* WHAT IS EXPECTED *
Nothing but the text of the records should come back; copy it exactly and leave the pictures out.

* INPUT FOR THIS TASK *
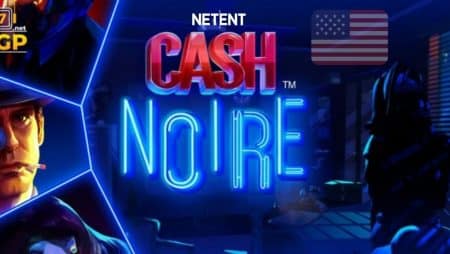 Tipico and NetEnt Bring Cash Noire to the US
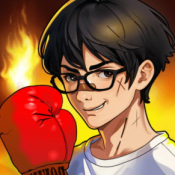 热血拳击赛游戏下载-热血拳击赛小游戏安卓版下载 v1.0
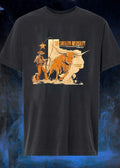 The Southern Hospitality Tour Live And Loud In Austin - Adult & Kids T-Shirts, Sweatshirts & Hoodies apparel design preview 1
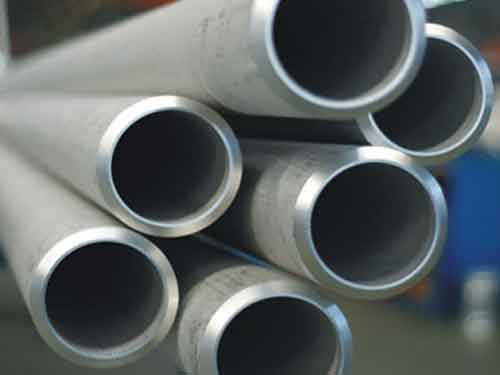 ASTM A213 Alloy Steel Pipe specification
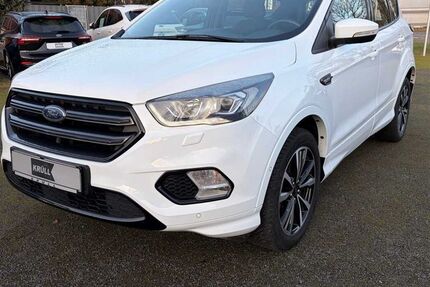 Ford Kuga 81.273 km 16.401 &euro; Lüneburg 21339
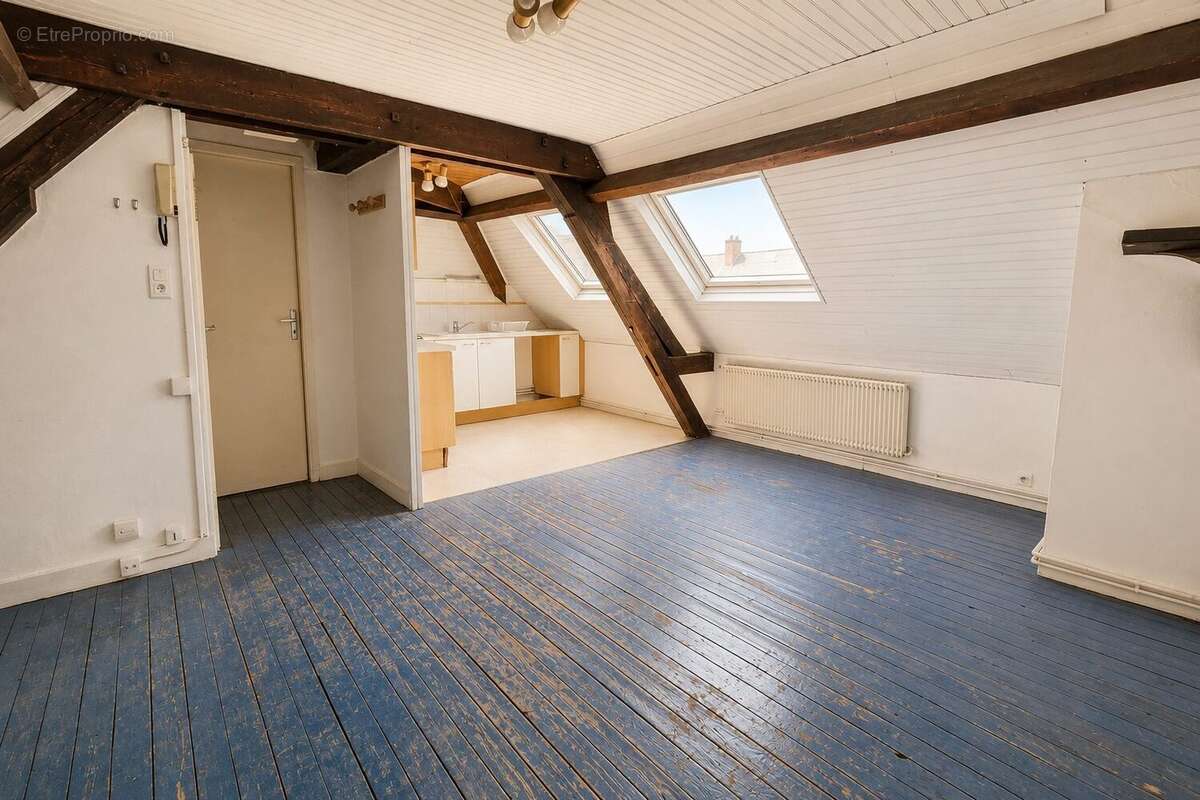 Appartement 265 m² à Tours  - photo 7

* SOLUTION BELOW *
 Tipico and NetEnt Bring Cash Noire to the US
 热血拳击赛游戏下载-热血拳击赛小游戏安卓版下载 v1.0
 The Southern Hospitality Tour Live And Loud In Austin - Adult & Kids T-Shirts, Sweatshirts & Hoodies apparel design preview 1
 ASTM A213 Alloy Steel Pipe specification
 Ford Kuga 81.273 km 16.401 &euro; Lüneburg 21339
 Appartement 265 m² à Tours  - photo 7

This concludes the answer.